Extracted entries START

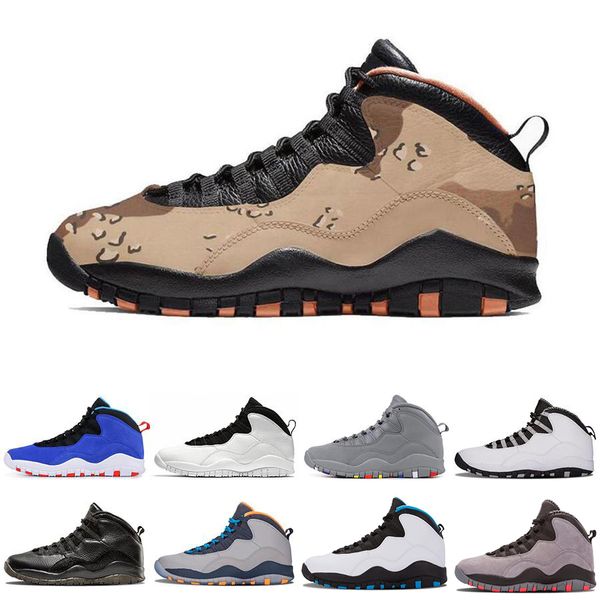 class of 2006 10s mens basketball shoes cement westbrook i'm back steel grey men trainers sneaker 10 sports shoe size 8-13
class of 2006 10s mens basketball shoes cement westbrook i'm back steel grey men trainers sneaker 10 sports shoe size 8-13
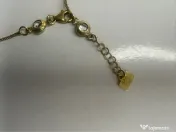 Brățară aur 14K 3.52 grame 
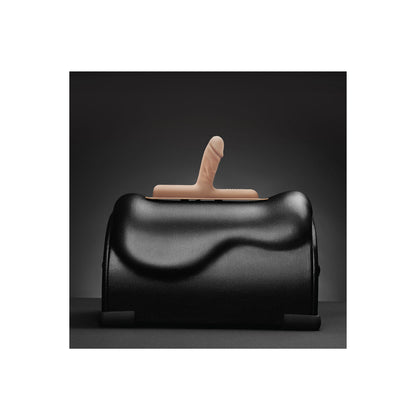 Accessoire Bronco Light Skin The Cowgirl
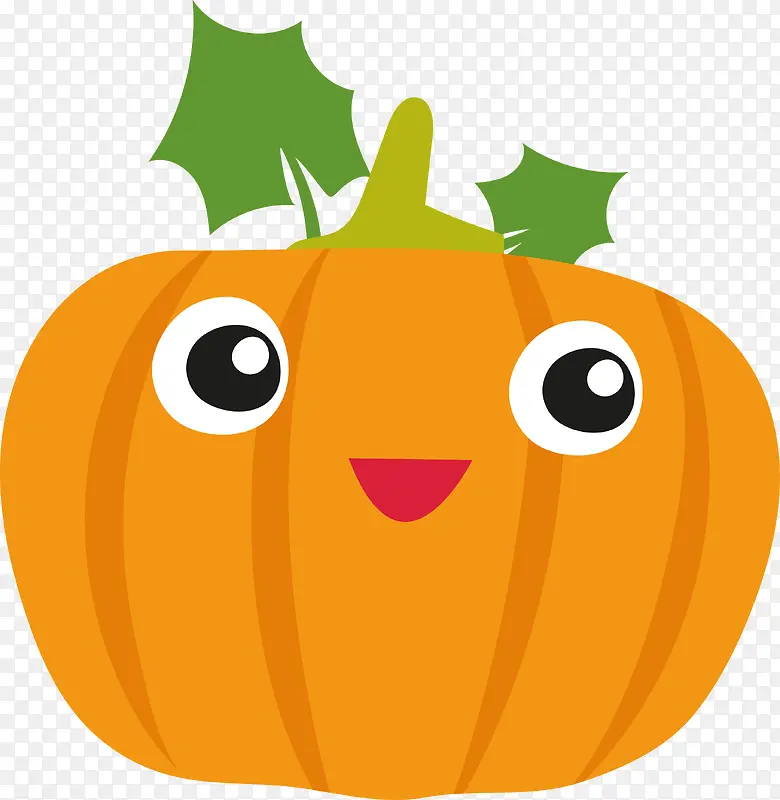 ��ͨ�Ϲϲ廭���-������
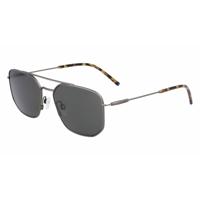 Heren zonnebril Zeiss ZS22106S-5617070 ø 56 mm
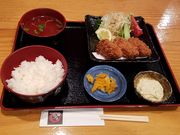 ringoringoさんの田中屋の投稿写真1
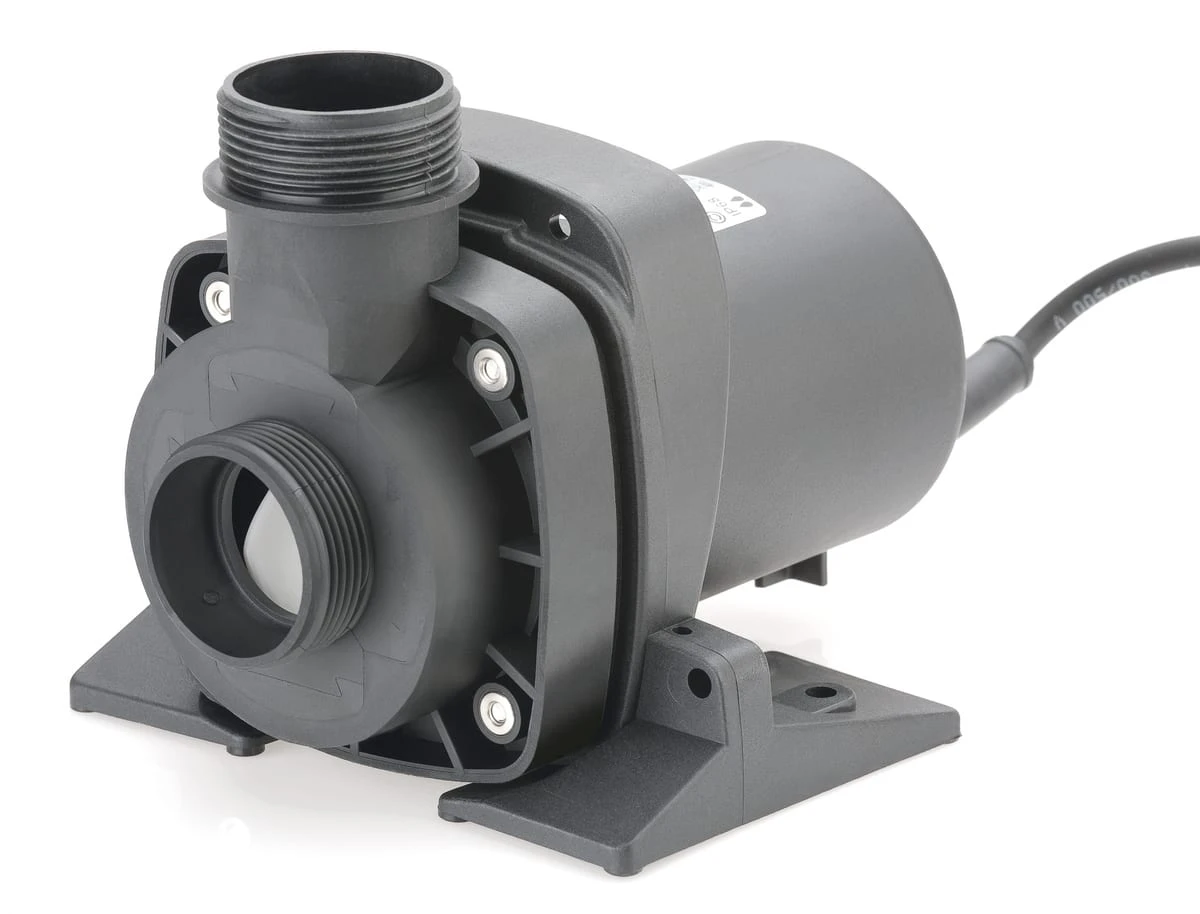 Oase AquaMax Dry Pond Pump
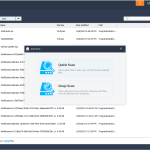 Wise Data Recovery-06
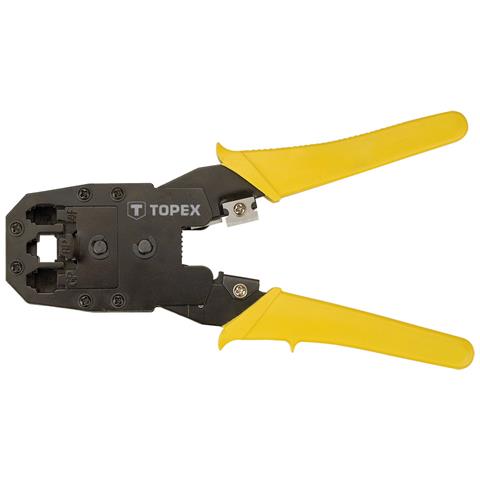 Pinza Per Moduli Per Moduli 4p / 6p / 8p - Foto 3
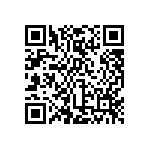 SIT9120AI-1C2-33E133-333300Y QRCode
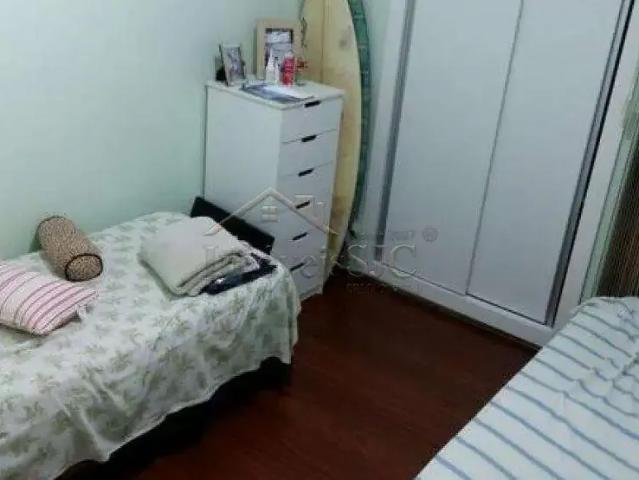 Apartamento venda em Região Imediata de São José dos Campos, Região Metropolitana do Vale do Paraíba e Litoral Norte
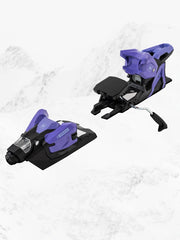 Strive 14 GW / Purple
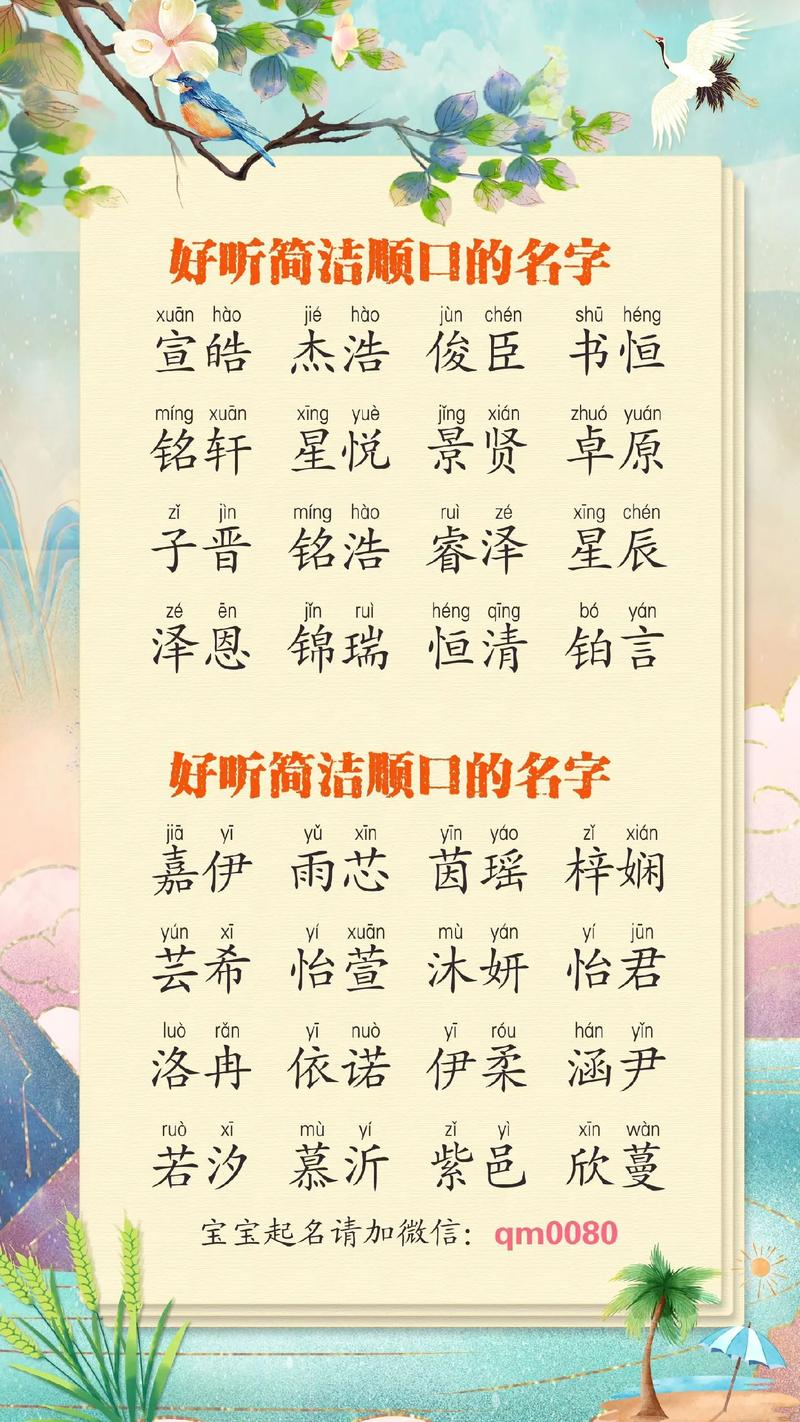 属龙宝宝取名：吉祥字根与文化智慧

Extracted entries END

#### Work item
Type out all the records verbatim, minus images.

#### Response below
 class of 2006 10s mens basketball shoes cement westbrook i'm back steel grey men trainers sneaker 10 sports shoe size 8-13
class of 2006 10s mens basketball shoes cement westbrook i'm back steel grey men trainers sneaker 10 sports shoe size 8-13
 Brățară aur 14K 3.52 grame 
 Accessoire Bronco Light Skin The Cowgirl
 ��ͨ�Ϲϲ廭���-������
 Heren zonnebril Zeiss ZS22106S-5617070 ø 56 mm
 ringoringoさんの田中屋の投稿写真1
 Oase AquaMax Dry Pond Pump
 Wise Data Recovery-06
 Pinza Per Moduli Per Moduli 4p / 6p / 8p - Foto 3
 SIT9120AI-1C2-33E133-333300Y QRCode
 Apartamento venda em Região Imediata de São José dos Campos, Região Metropolitana do Vale do Paraíba e Litoral Norte
 Strive 14 GW / Purple
 属龙宝宝取名：吉祥字根与文化智慧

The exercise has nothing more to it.